▶ **WHAT YOU WILL DO**: Transcribe the whole listing exactly; the images stay out.

▶ **DATA FOR REVIEW**:
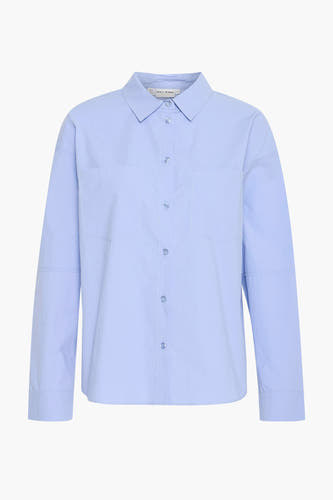 Hemd (lange mouwen) Blauw - PULZ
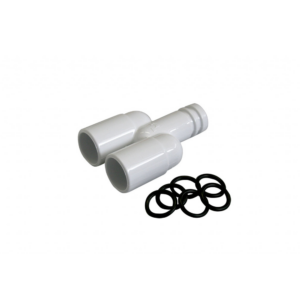 2 suunaline y liitmik rõngastihenditega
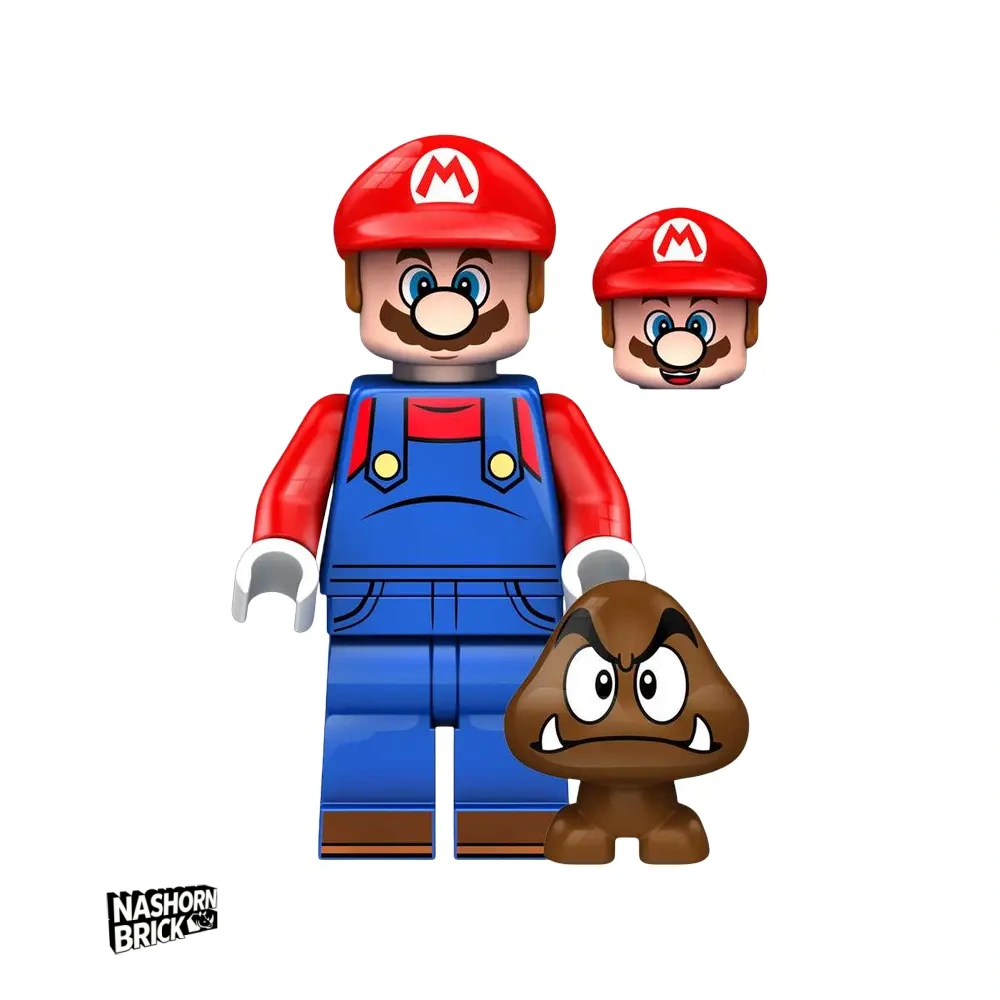 Super Mario Minifigur
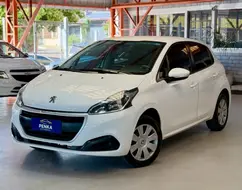 PEUGEOT 208 1.2 ACTIVE 12V FLEX 4P MANUAL PEUGEOT 208 1.2 ACTIVE 12V FLEX 4P MANUAL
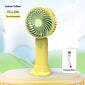 Rechargeable Handheld Desktop Portable Little Fan USB Electric Fan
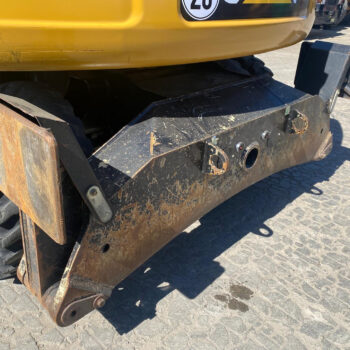 Caterpillar M313D mobiele graafmachine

▶ **SOLVED PROBLEM**:
 Hemd (lange mouwen) Blauw - PULZ
 2 suunaline y liitmik rõngastihenditega
 Super Mario Minifigur
 PEUGEOT 208 1.2 ACTIVE 12V FLEX 4P MANUAL PEUGEOT 208 1.2 ACTIVE 12V FLEX 4P MANUAL
 Rechargeable Handheld Desktop Portable Little Fan USB Electric Fan
 Caterpillar M313D mobiele graafmachine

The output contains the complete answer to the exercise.